Perhaps I would try once more tonight, relive the fading dream and see if my heart would turn again to vengeance…

     It was in a waning summer, when the richness of colour and warmth were at its full, that wariness of the talented sorcerer Joneleth had finally grown to its full, seeing how lofty his sights were set upon things that were not meant for mere elven hands. By then, it was far too late to turn aside those eyes when once they had already glimpsed the prize he held most dear. They knew Joneleth's passions. He desired to be and to have the best in anything, whether that was expanding his innate talents in magic, or romancing the most powerful woman in Suldanessellar: Queen Ellesime.
     So it was with a thread of fear that riddled whispers under leaves of the forest and cast troubled gazes between knowing minds that Joneleth passed in their hearts. But what they did not know was this: that Joneleth knew their fears. He knew and cared nothing for it.

     Joneleth was lifted from his study by light quick steps on the wooden floor and quickly shut the book he was working with away from sight. "Is that the footsteps of the woman I love come to steal a kiss?" He stood from the chair and turned slowly, letting a grin tempt his face as Ellesime came into sight. A true goddess among the elven, her beauty was only matched by her grace…or perhaps her wisdom? Memory fails me even in this. I had her down to poetry once. She was golden haired with fair skin, and her oval eyes were shimmers of grey and blue. Her dress was like the shimmer of grass in the wind as she moved, her hair the ripples of a river. Truly a queen in every step, every motion of her hand, every glance. She stopped just inside the doorway, her hands at her sides.

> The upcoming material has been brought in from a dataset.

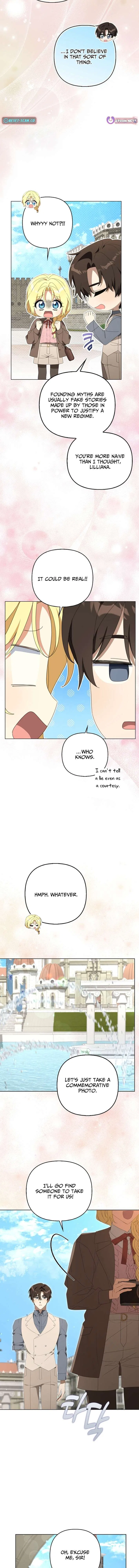 Between Your Letter and My Reply Chapter 23 – Page 9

     She gave him a little smile, but the worry in her eyes spoke louder. "I came to talk, Joneleth. I've heard some things we must discuss."

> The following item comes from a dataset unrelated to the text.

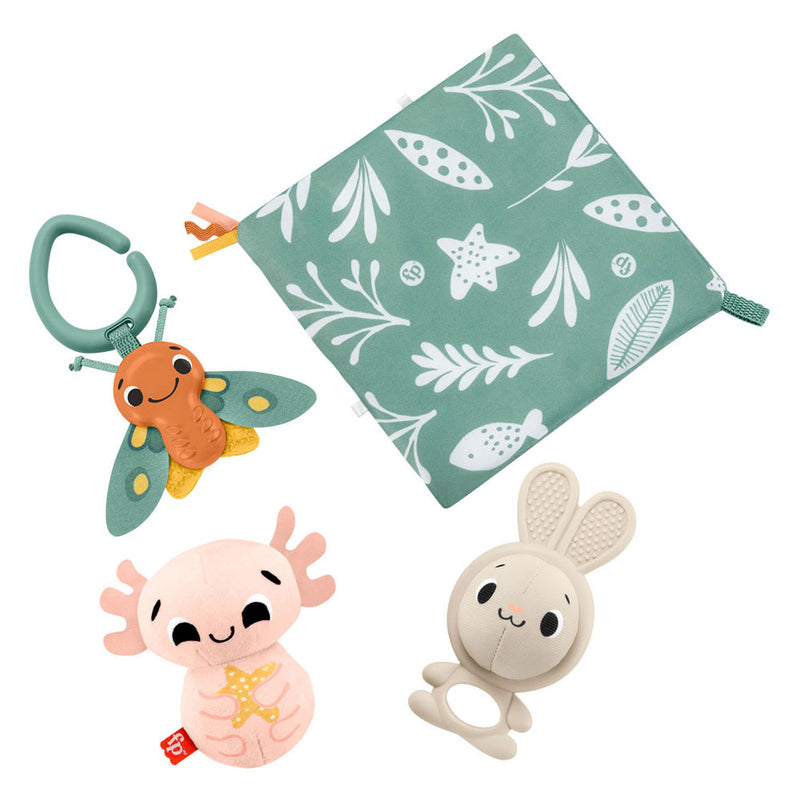 Load image into Gallery viewer, Fisher price zoveel zintuigen cadeauset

     He frowned and discretely slid the book farther back on the table as he pushed himself towards her. "It can't be that bad, Elle…"
     "I know. It seemed ridiculous at first, but Tulrian has heard whispers, and I have heard many of the same. I can't keep ignoring them especially when some might think I do so because of our relationship."

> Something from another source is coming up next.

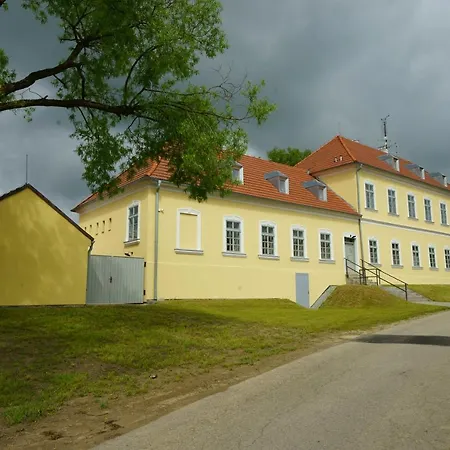 Penzion Obecna Skola *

     The book was a weight tethering his heart behind him. This was only the beginning of my work, and even then I couldn't let it sit for more than a day without the need to return. He focused on Ellesime and let a different sort of weight take hold in his chest—a weight he didn't mind. "Do rumours really concern the attention of the Queen of the Seldarine?"
     "Please take this seriously, Joneleth. When rumours do manage to reach me it is usually because they are of a magnitude that do require my attention, and the things that I've heard…They worry me to say the least."
     Joneleth closed the final paces between them and wrapped his arms around her, gently turning her so that she faced towards the hall, his head snugged into the crook just above her shoulder. She stiffened at the forced movement but sighed and placed her hands over his. Her fingers were cold. Joneleth chuckled and spoke into her ear. "Are they whispering I'm stealing their queen from them?"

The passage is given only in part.